In the vegetable patch I find it easiest to use a Dutch hoe. The push-pull action slices through the weeds just below the surface of the soil. This not only looks good, but in drier weather stops the ground from cracking and actually retains moisture deeper down.
Two things need more careful treatment: weeds going to seed, like groundsel and thistle, should be removed and burnt. And when you see ground elder you should always stop to dig it out.
Turning to happier things I can recommend two flowering plants for this time of year. Yucca can survive outside in most parts of the country, and is tolerant of dry conditions — should that be an issue. Their spiky leaves and size make for architectural 'presence' and they can be used to complement a vista, or paired to form a gateway. At this time of year they carry tall spikes of many flowers rising above the rosettes of leaves.
Abutilon is a rather spindly shrub with pale green leaves, sometimes variegated. Its flowers, inverted bowls of pink or orange, have a feel of the Mediterranean. I have always grown one on the back wall of my greenhouse behind the tomato plants, but this year I have seen several growing outside, covered in flowers. Plant them in a sunny but sheltered spot, preferably up against a wall.

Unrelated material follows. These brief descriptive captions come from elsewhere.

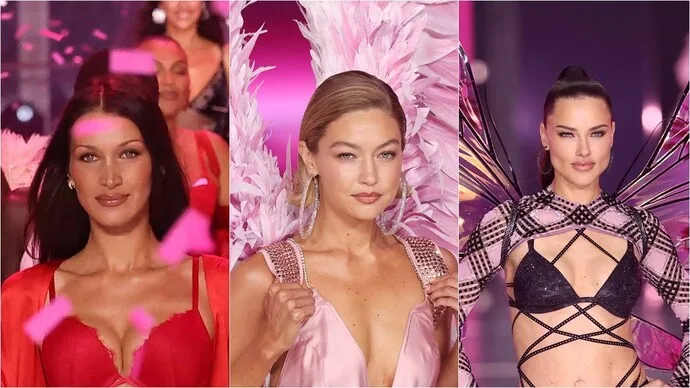 Desfile de moda da Victoria's Secret: Bella Hadid, Gigi Hadid e Adriana Lima estavam deslumbrantes na passarela.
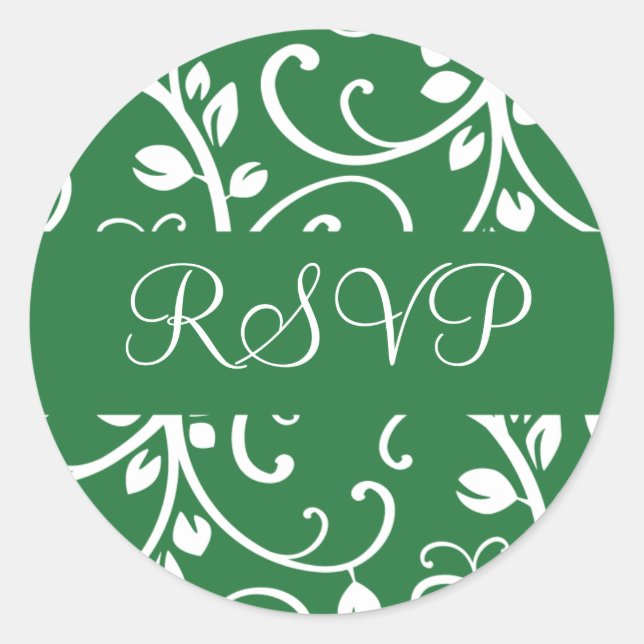 RSVP Floral Vine Envelope Sticker Seal (Front)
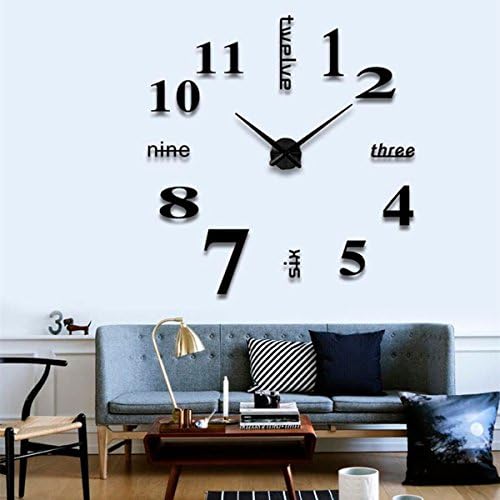 Wall Clock, Seetru Modern DIY Large Number Frameless Wall Clock 3d Mirror Surface Wall Sticker Clock Wall Clock Kit Decoration Home with Mute Function for Living Room Bedroom Home Office Art Decor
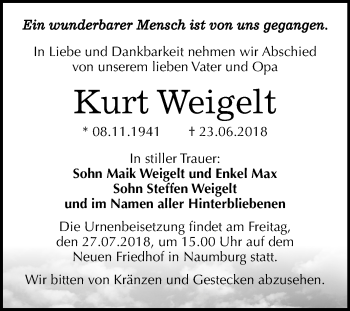 Traueranzeige von Kurt Weigelt von Mitteldeutsche Zeitung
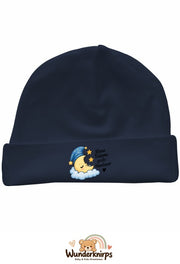Umschlagmütze Rox-01 in Marineblau mit Motiv Mond Kleine Träume, große Abenteuer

This is the final call for summer pruning of wisteria, to encourage next season flowering. Similarly it is time to prune rambling roses once they have finished flowering, not forgetting that next season’s flowers will be on this year's new growth. Cut the new stems back to within a bud or two of the main stem. New strong stems can be chosen to tie in to replace older stems, which can themselves be cut back to the ground.
Hedge growth has been more than usual this year but you might escape with final trimming toward the end of the month.
Finally a couple more fantastic finds from this summer's gardening shows. Black Forge makes 'ultimate barbecues'. The chap who makes them was a shipbuilder and, although they are stainless steel the thickness of the metal would make you think he had taken the left over materials when the yard shut down.
These are the Rolls Royce of barbecues — the attention to detail is all. My wife is always disappointed when half her fish has stuck to the grill. Not with this one — the Black Fryer has a special holder for the kebabs and more, which allows them to float over the coals with the flesh not in contact with anything but heat.
So, in time-honoured fashion, the men gather round the barbecue, beer in hand, waiting for the coals to be 'just right', and the girls are left to shiver as the sun goes down. Well no more. Joff Hopper makes the most fantastic wood burning braziers, baluster shaped with curved rods of iron supporting cones — in the shape of arum lilies — which burn as torches above the brazier. Heat and light — but watch out, you’ll have the boys deserting the barbecue.